Alkisah pada saat itu sekitar tahun 1426 dalam rangka syiar Islam , Para Wali akan menyelenggarakan musyawarah dalam rangka mengatur pengembangan agama Islam (Agama Sejati)  ke pelosok negeri.

Dalam rangka perencanaan tersebut para wali sepakat akan melaksanakan musyawarah (Mangcereman) disebelah timur kaki Gunung  Ciremai yang pada saat itu masih dibernama Desa Gede . Beberapa  Desa yang berada di lembah Gunung Gede pada saat itu antara lain sebelah selatan Desa Rangda Midang.
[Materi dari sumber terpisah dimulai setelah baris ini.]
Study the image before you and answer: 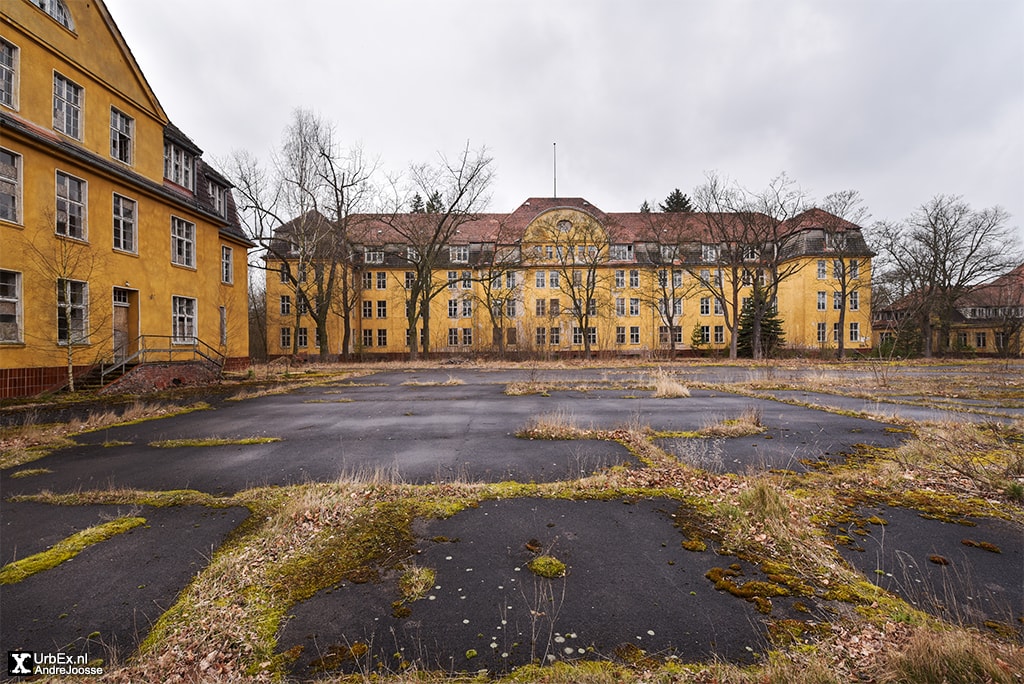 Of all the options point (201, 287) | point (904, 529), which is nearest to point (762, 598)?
point (904, 529)

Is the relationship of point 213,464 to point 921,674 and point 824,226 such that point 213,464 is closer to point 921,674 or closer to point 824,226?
point 921,674

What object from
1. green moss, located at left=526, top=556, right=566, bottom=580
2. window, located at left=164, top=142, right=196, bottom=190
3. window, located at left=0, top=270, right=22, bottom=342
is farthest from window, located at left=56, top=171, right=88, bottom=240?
green moss, located at left=526, top=556, right=566, bottom=580

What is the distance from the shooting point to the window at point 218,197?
990 inches

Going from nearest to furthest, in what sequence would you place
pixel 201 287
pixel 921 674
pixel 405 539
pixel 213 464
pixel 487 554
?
1. pixel 921 674
2. pixel 487 554
3. pixel 405 539
4. pixel 213 464
5. pixel 201 287

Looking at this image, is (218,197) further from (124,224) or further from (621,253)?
(621,253)

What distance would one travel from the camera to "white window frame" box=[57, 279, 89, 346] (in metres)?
13.9

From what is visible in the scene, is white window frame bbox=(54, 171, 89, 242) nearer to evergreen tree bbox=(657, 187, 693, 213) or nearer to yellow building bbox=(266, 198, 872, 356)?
yellow building bbox=(266, 198, 872, 356)

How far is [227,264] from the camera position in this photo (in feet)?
86.9

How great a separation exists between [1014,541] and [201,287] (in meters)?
27.7

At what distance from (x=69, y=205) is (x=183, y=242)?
5.94 meters

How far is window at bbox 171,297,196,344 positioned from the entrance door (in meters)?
2.16

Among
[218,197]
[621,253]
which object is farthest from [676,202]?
[218,197]

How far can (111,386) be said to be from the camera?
48.4 ft

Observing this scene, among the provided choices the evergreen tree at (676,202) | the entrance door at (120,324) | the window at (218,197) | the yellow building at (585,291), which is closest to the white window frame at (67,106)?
the entrance door at (120,324) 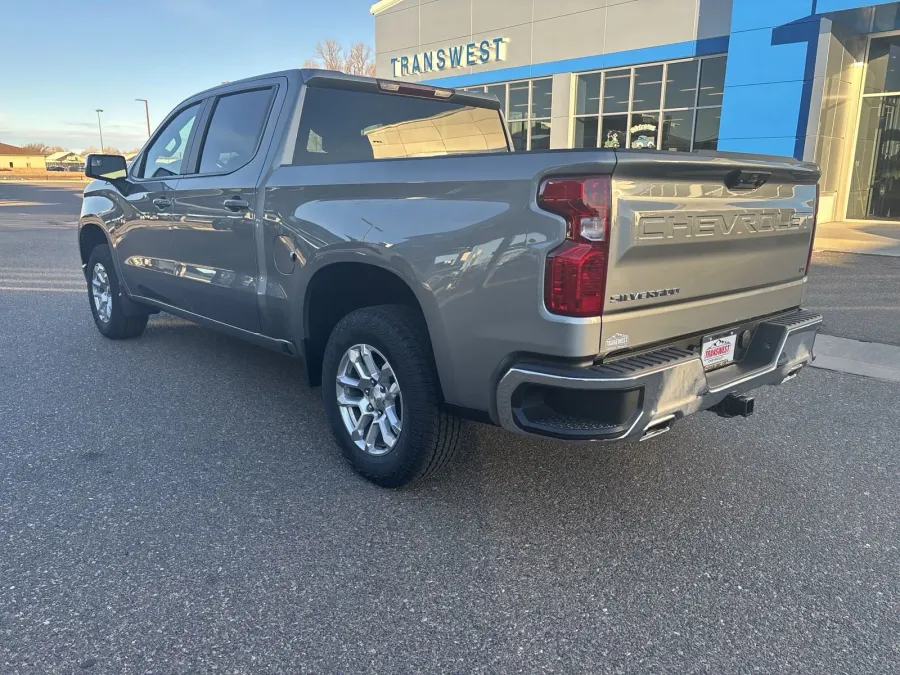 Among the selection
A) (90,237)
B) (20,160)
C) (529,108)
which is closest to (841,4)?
(529,108)

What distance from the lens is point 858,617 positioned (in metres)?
2.39

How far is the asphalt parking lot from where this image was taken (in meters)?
2.22

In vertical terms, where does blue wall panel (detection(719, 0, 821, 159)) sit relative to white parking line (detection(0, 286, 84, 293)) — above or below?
above

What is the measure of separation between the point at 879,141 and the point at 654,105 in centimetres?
518

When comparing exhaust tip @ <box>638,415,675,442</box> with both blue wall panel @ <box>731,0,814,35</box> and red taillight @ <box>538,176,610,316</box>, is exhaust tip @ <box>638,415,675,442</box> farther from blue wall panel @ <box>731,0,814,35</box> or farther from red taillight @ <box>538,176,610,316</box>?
blue wall panel @ <box>731,0,814,35</box>

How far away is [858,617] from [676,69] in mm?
16683

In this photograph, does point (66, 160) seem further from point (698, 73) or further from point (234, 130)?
point (234, 130)

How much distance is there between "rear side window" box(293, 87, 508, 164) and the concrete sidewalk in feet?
31.7

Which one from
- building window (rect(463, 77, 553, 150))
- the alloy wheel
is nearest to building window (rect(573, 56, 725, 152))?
building window (rect(463, 77, 553, 150))

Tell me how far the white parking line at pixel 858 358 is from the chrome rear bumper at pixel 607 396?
3.13 metres

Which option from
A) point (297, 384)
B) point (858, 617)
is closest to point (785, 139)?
point (297, 384)

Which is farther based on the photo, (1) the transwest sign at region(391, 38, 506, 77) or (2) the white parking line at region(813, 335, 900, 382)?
(1) the transwest sign at region(391, 38, 506, 77)

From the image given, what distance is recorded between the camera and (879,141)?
15.9 metres

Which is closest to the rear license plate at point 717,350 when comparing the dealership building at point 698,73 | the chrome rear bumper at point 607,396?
the chrome rear bumper at point 607,396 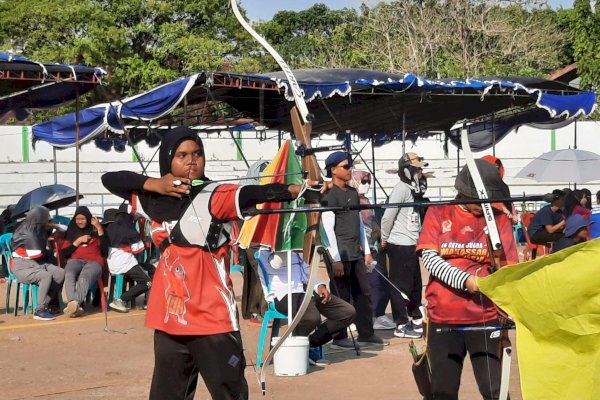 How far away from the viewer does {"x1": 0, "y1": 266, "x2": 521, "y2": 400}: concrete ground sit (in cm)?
705

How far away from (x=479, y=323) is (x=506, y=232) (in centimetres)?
49

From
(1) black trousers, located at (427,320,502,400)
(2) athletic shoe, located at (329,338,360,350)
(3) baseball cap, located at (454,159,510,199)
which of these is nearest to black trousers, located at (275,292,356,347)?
(2) athletic shoe, located at (329,338,360,350)

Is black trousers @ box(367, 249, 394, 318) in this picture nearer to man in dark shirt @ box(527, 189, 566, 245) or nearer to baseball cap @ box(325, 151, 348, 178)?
baseball cap @ box(325, 151, 348, 178)

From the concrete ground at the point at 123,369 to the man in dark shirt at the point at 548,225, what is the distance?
128 inches

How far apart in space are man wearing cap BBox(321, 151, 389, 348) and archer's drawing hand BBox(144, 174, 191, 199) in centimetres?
397

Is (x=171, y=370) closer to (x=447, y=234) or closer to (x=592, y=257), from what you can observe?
(x=447, y=234)

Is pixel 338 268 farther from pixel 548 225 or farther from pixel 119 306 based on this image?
pixel 548 225

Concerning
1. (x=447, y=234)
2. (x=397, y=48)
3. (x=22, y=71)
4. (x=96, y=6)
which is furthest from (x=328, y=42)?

Kemudian,  Desa Parigi, Desa Copong Koneng,  Desa Cibunar. Lalu, Sebelah Utara  Desa Tarikolot, Desa Sembawa, Desa Japara, dan Desa Depok Lemo.

Pada saat itu, Desa Gede yang dipimpin oleh Kuwu yang bernama Ki Lurah Gede pada masa Kerajaan Padjadjaran di perkirakan dibawah pimpinan  Adipati Timbang Luhur ( Desa Timbang Sekarang ). 

Dan di area perbatasan antara Desa Linggajati dan Desa Linggaindah terdapat  sebuah makam panjang yang diperkirakan makam tersebut adalah peninggalan Satria Padjadjaran yang bernama Gagak Lumayung.  

Diceritakan bahwa pada saat itu sekita abad ke 14 di sepakati adanya rencana musyawarah yang akan di selenggarakan oleh Wali Songo di Gunung Gede (Sekarang Gunung Ciremai) , ternyata hal tersebut didengar oleh Para Kuwu / Kepala Desa yang berada disekitar Gunung Gede.

Sangat mengejutkan para kuwu waktu itu , karena warga t waktu itu masih menganut agama Budha. Hampir semua dari penduduk setempat waktu itu tidak bisa menerima hadirnya agama Islam.

Mereka tetap pada keyakinannya memeluk agama Budha , selain itu pula sebenarnya mereka merasa takut untuk berhadapan dengan  kesaktian para wali , sehingga dengan serempak mereka melarikan diri dengan menggunakan bermacam macam ilmu kemampuannya.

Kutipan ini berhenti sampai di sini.